Edwin Genoway, a journalist for the daily New Dawn newspaper, was assaulted and threatened by a police officer while reporting at ELWA Junction in Paynesville, a suburb of Monrovia, the capital, according to news reports. Motorists had told the journalist that police were seizing drivers’ keys and demanding money from them, New Dawn reported.
When Genoway attempted to photograph an officer taking a driver’s key, the official approached him and “slapped the camera from his hand,” New Dawn reported. Genoway told CPJ that even though he identified himself as a journalist, the officer repeatedly hit him while trying to take his camera and delete the photograph. The journalist managed to keep the camera and the photograph and told CPJ that he intended to file a complaint.
“I have a bruise on my hand. It is difficult to use my right hand, even to write. I am still taking pain relievers,” Genoway told CPJ. “He punched me as he tried turning my hand to take the camera from me.”
The officer allegedly threatened to “deal with” the journalist if the story got published, the Liberian Times reported.

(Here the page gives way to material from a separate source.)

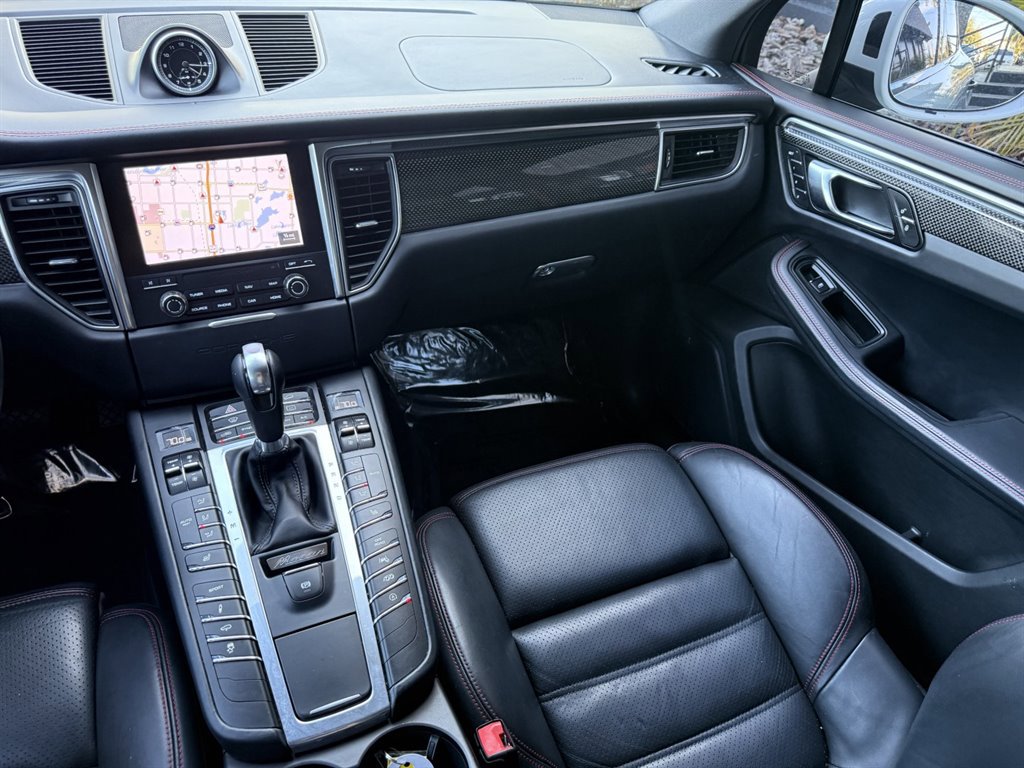 Used 2018 Porsche Macan GTS image 25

“Liberian police accused of harassing citizens do themselves no favors by harassing a journalist trying to cover the story,” said CPJ Africa Advocacy Coordinator Mohamed Keita. “Police supervisors need to hold their subordinates accountable, make public their findings, and end this sort of press harassment for good.”
New Dawn reported that Julius Kanaba, the former assistant secretary general of the Press Union of Liberia, arrived at the scene shortly after and told police that as public figures, they could be photographed by journalists at any time and that the act could never be considered an offense.
Police spokesman George Bardue told CPJ that though the police had yet to receive an official complaint, an internal investigation had begun. “But we are not waiting for that complaint,” he said. “On our part, we have started an investigation. Once investigations are completed and if the officer is found liable, actions will be taken.”
Othello Garblah, the publisher of New Dawn, told CPJ that an official complaint would be filed in the coming days. He also said that the paper had been threatened in the past. “This is not the first attack. We have had a series of text messages of death threats from people–not only the police–for stories we have written. But we said we are going to do a formal complaint this time around,” Garblah said.